Chapter 1 Introduction

1.1 What is R?

R is a software for data analysis, manipulation and visualization and a well developed and powerful programming language. It is a highly extensible, open-source and free software which compiles and runs on a wide variety of UNIX platforms, Windows and MacOS. The R project was started by Robert Gentleman and Ross Ihaka at the University of Auckland in 1995 and is maintained by the R Core Team (2024), an international group of volunteer developers. The website of the R project is http://www.r-project.org.

Although R works fine by itself, we will use it in combination with RStudio, a so called Integrated Development Environment (IDE) which provides a comfortable graphical user interface and some additional functionalities.

1.2 Installing R

To begin, you should install R and RStudio on your computer. If you are working on a computer that has these programs already installed, you can skip this part. To install R, go to the Comprehensive R Archive Network (CRAN), for example here: https://ftp.fau.de/cran/ and install the Version of R that is suitable for your operating system. After you have installed R, visit https://posit.co/download/rstudio-desktop/ and download and install RStudio Desktop. Check whether you can open RStudio by clicking on the RStudio icon on your desktop or by searching it in your taskbar.

1.3 Getting to know RStudio

RStudio is generally divided into four subwindows. The upper and lower right windows in RStudio will be explained when they become relevant in the following chapters. If you see only three subwindows upon opening RStudio, click File > New File > R Script. The upper left window is the R Script were you write your code. The lower left window is the console. There the code that you have written in the script gets excecuted and the results are displayed.

To try this out, type 1+1 into your script. Then mark this piece of code and either click on the Run symbol in the upper right corner or press Ctrl + Enter on your keyboard.
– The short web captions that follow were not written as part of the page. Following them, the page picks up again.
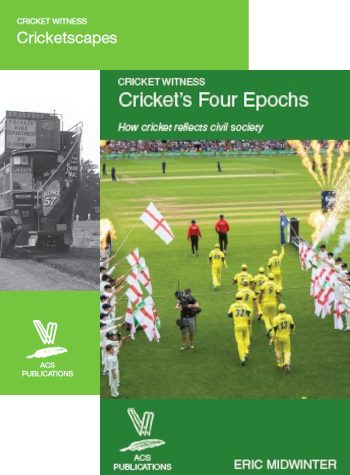 Cricket History Package 2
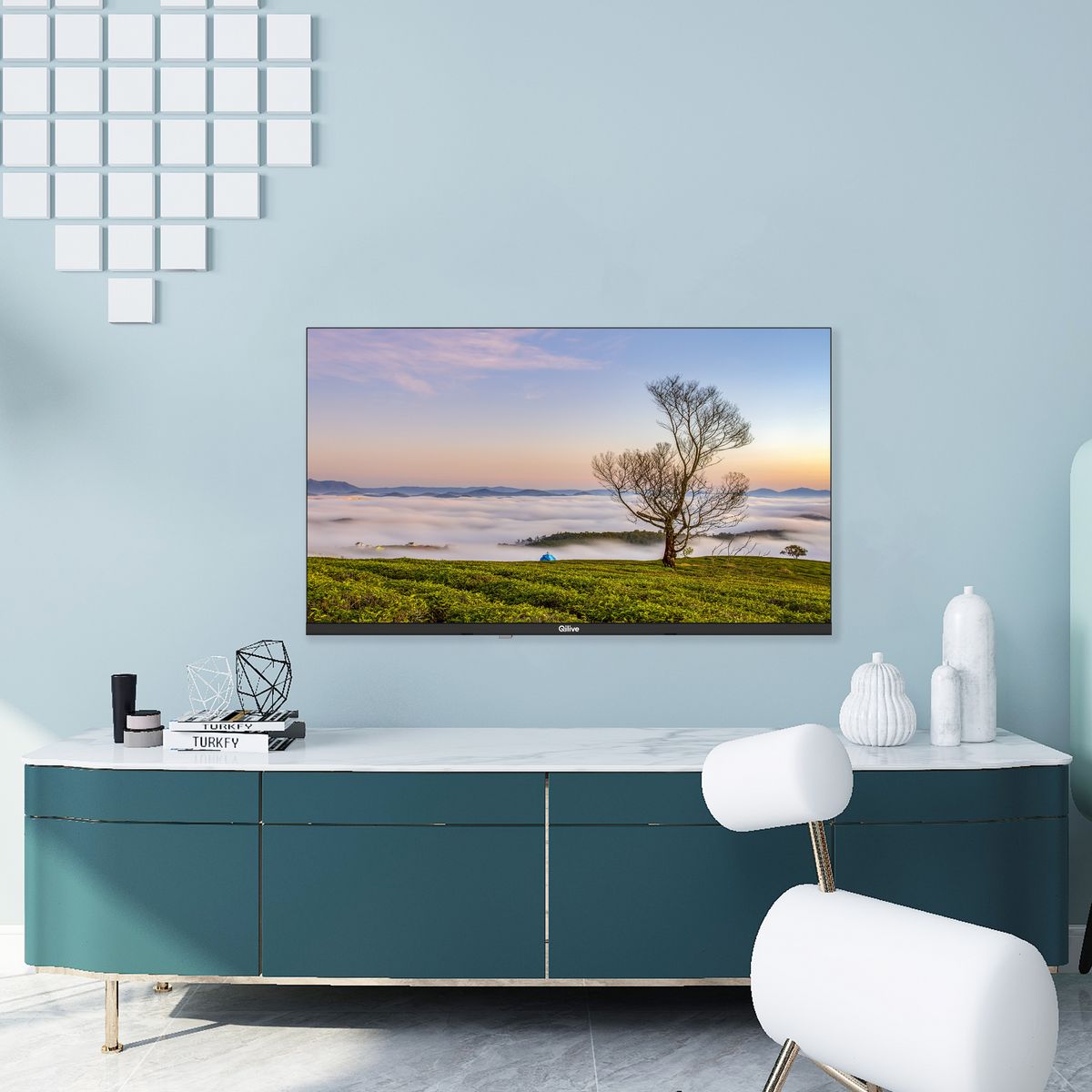 QILIVE TV DLED HD Q32HA221B TV DLED HD 81 cm Smart TV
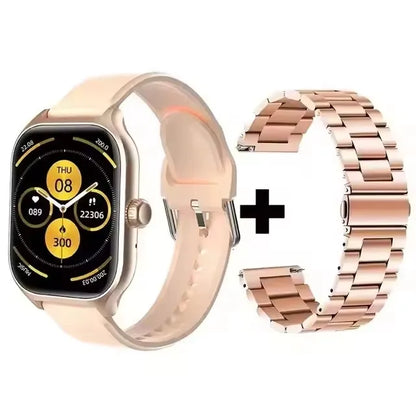 Smartwatch z rozmowami Bluetooth, monitorem zdrowia i ekranem 1.83" – dla niej i dla niego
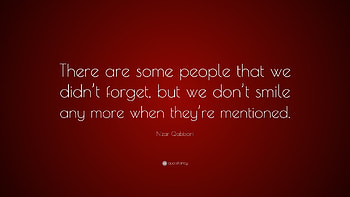 Nizar Qabbani Quote: “There are some people that we didn't forget HD wallpaper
As you can see, the code gets reprinted in the console behind the >, which is called the prompt. The result [1] 2 is displayed directly below. The process of sending code from the script to the console is called running or executing your code. It is possible to write code directly into the console next to the prompt and executing it by hitting Enter. However, we strongly advise typing all of your code out in the script before executing it, since this makes rerunning and changing your code way easier. To make your code more humanly readable, you can comment it in your script. Any line in your script that begins with a # will not be evaluated when send to the console but will be merely printed out:

#R does not calculate 1+1 if it is written like this:

#1+1

Anything you write in R that is not a comment is case sensitive, which means for example A and a are not the same thing to R.

1.4 R as a calculator

As you have seen in the example above, R can be used as an ordinary calculator. You can use + and - for addition and subtraction, * and / for multiplication and division and ^ for exponentiation.

Try out different calculations like the following by typing them into your script and running them. You can either run them line by line or mark several lines at once for execution.

5+3

[1] 8

7*3/2

[1] 10.5

2^3

[1] 8

(2-5)*8^2

[1] -192

The [1] in front of the output will appear in front of every vector in the console. It is an index telling you the position of the first element in the row which is useful when the vector is so long it produces line breaks in you console. You will learn what a vector is in just a moment.

1.5 Assignments

One of the most important concepts in R is the assignment of names to objects. So far the objects we have encountered are simple numbers. To assign a name to a number, you use the assignment operator <- (no space between < and -) like this:

x <- 3
some.complicated.name <- 7

We call x and some.complicated.name variables. Notice how they appear in the top right window of RStudio under the tab Environment once you have run those two lines. In the environment you will see all R objects that you have defined so far. R will list their names for you if you use ls():

ls()

[1] "some.complicated.name" "x"

The collection of named R objects showing up in the environment window is called workspace and can be saved and reloaded as you will learn later on. For a variable name, you can use any string that does not have blank spaces or special characters in it and that does not begin with a number. You can look up the value that is stored in a variable by simply typing out its name and running it:

[1] 3

Now you use these variables for computation:

x + some.complicated.name

[1] 10

You can overwrite the value stored in your variables at any point by simply rerunning the original assignment with different values.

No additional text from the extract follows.